Year | Total r2 | Top 100 r2 | Top 50 r2 |
2008 | .2432 | .2329 | .4057 |
2009 | .2085 | .1316 | .2134 |
2010 | .2326 | .2469 | .1658 |
2011 | .2616 | .1979 | .1726 |
The high correlation for top-50 prospects in 2008 is likely an outlier, but the model is fairly stable any way the groups are sliced—with some leaning towards higher accuracy in separating higher-level prospects from non-prospects. These numbers aren’t perfect, but they indicate some value can be found in a field with high variance. And of course, a balanced approach that considers the scouting side will likely yield better results than just the numbers alone.
An additional measure of fit to consider is the RMSE (Root Mean Square Error). This tells us the spread of residual error from the projections. The table below shows the results for the same years as above with comparison to the standard deviation from each sample as a minimum baseline that the model should achieve to provide value.

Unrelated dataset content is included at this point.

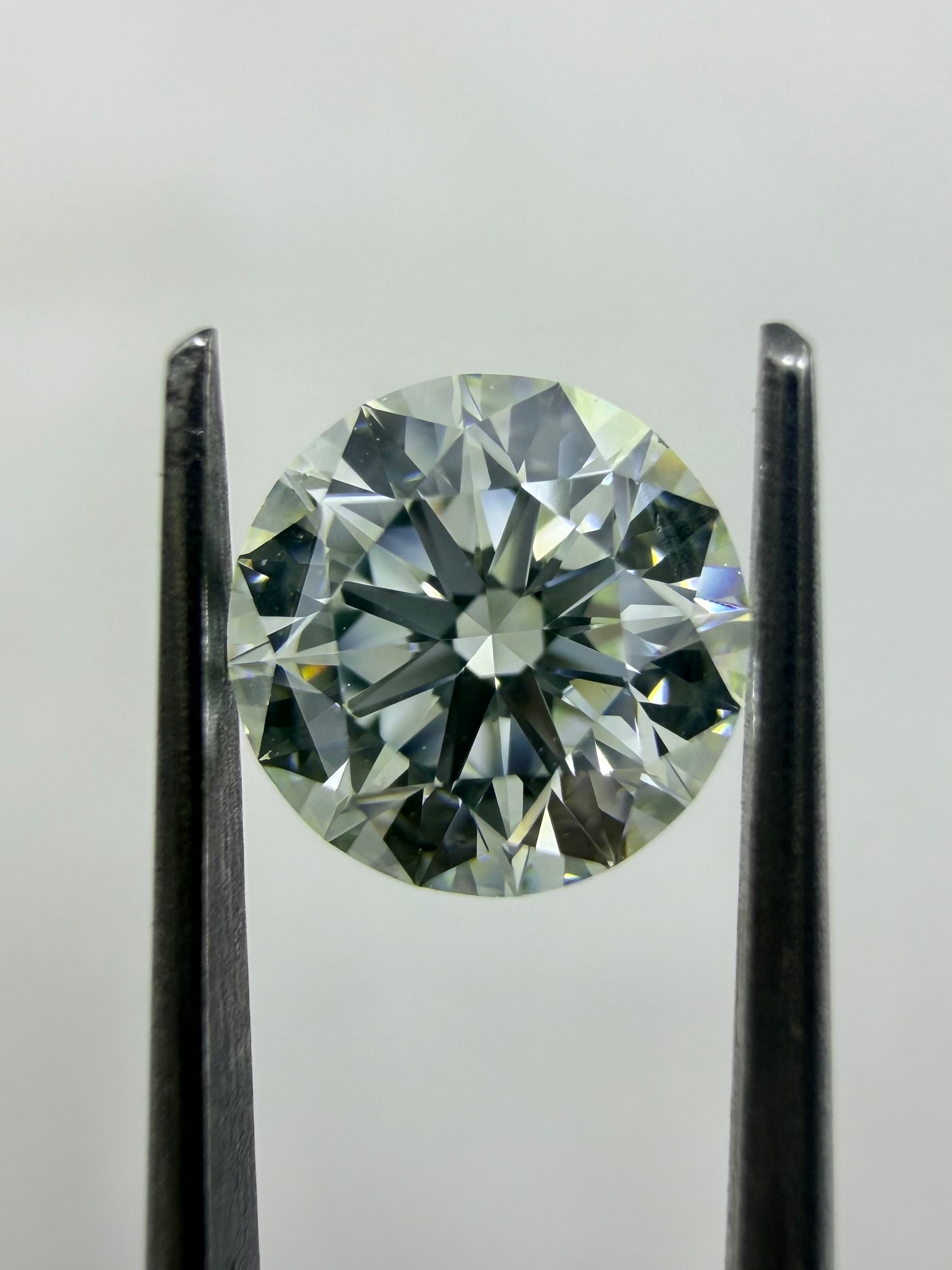 0.71 ct Natural Fancy Round brilliant VS2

Year | Total RMSE | Total STDEV | Top 100 RMSE | Top 100 STDEV | Top 50 RMSE | Top 50 STDEV |
2008 | .6360 | .7309 | 1.5629 | 1.7415 | 1.7522 | 1.9963 |
2009 | .7458 | .8378 | 1.7505 | 1.8717 | 1.7635 | 1.9317 |
2010 | .7550 | .8593 | 1.7381 | 1.9520 | 2.2068 | 2.3770 |
2011 | .7337 | .8493 | 1.7972 | 1.9734 | 2.2320 | 2.4048 |
The RMSE beats the standard deviation for each category, implying that the model achieves at a minimum less error than using the mean in each sample. These results more distinctly show that error increases in separating higher-level prospects from each other and that players in the same tier should be treated as roughly the same.

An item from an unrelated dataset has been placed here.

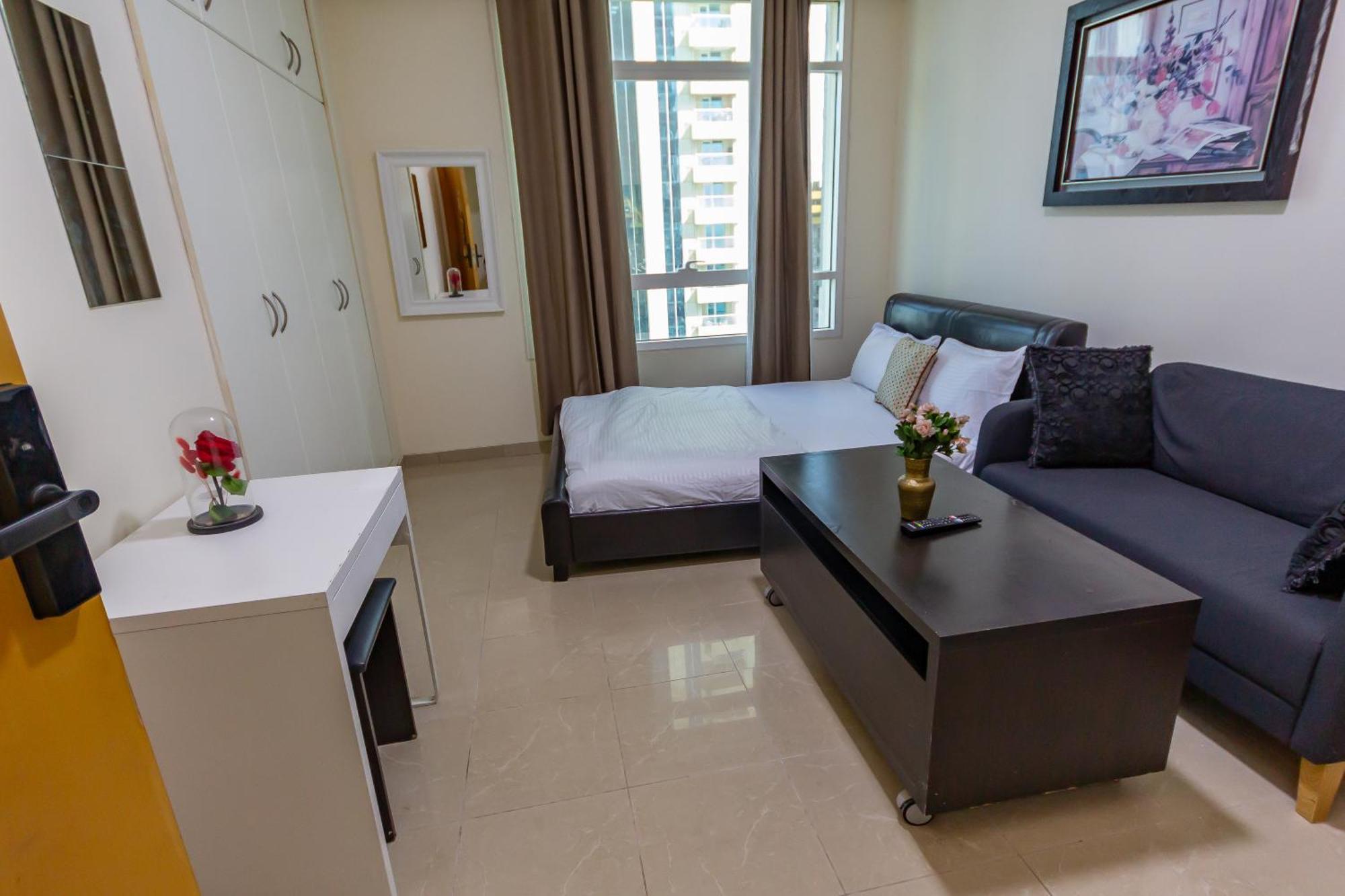Spacious For Girls In Marina فتيات فقط Apartment *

Hopefully, this update is illuminating to the strengths and weaknesses of these projections and how to best use them. Next week we’ll be back to celebrating the unheralded Gabriel Morenos and Kevin Padlos of the minor league baseball world.
(Photo by Mark LoMoglio/Icon Sportswire)
What are top 3 guy to get in nl keeper league that will have impact and have oppty next season n could be stars soon. See waters pache but they seem a year away, carson has crowded stl of, lux keiboom grisham are gone. Whose left w oppty + can be a stud?

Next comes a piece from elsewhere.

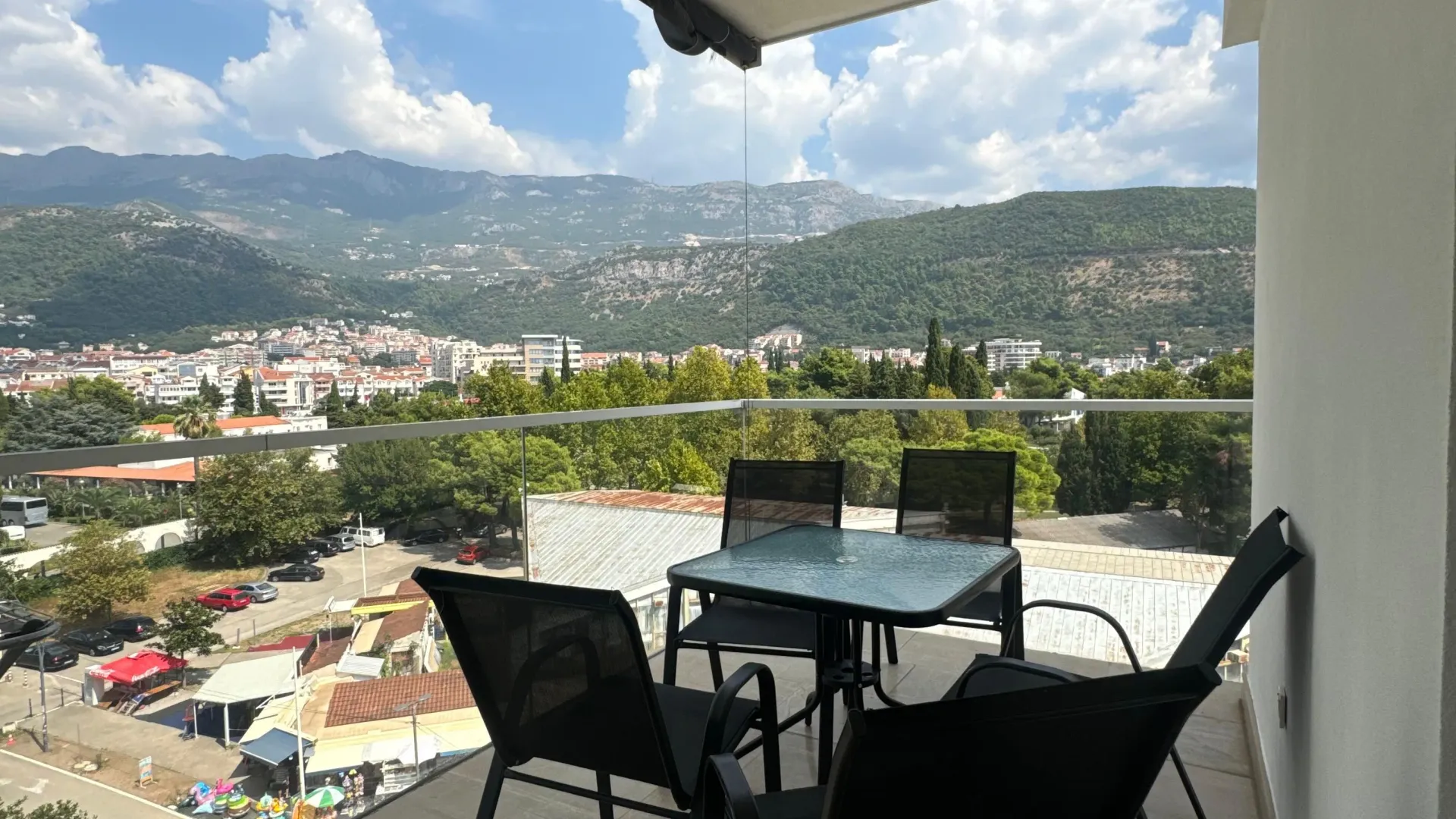 Rent, three bedroom apartment, 98m², Centar, Budva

Kristian robinson in az of peralta gone marte moving back into infield
Carson in st Louis they have a traffic jam in OF even gorman he has huge power but doesnt seem ready.
I’d still put Carlson/Waters at 1 and 2 — they both just got sent up to AAA now so they shouldn’t be too far away, especially with the Braves having so many injuries in their OF. The Cardinals OF is crowded now, but Ozuna is going to be a free agent and Martinez could get moved over the offseason.
There’s a few guys that I’d consider behind them. Pache, Varsho, Rodgers, and Hayes could all get longer looks in the next year — Pache probably being the top of that group. There’s also Trammell and Chisholm who carry more risk, though they also have more upside than some of the guys above. For looking beyond next season, Marco Luciano and Kristian Robinson are trending up. If I had to pick one for that third spot, I’d go with Luciano for the upside, but Pache should have better short term returns.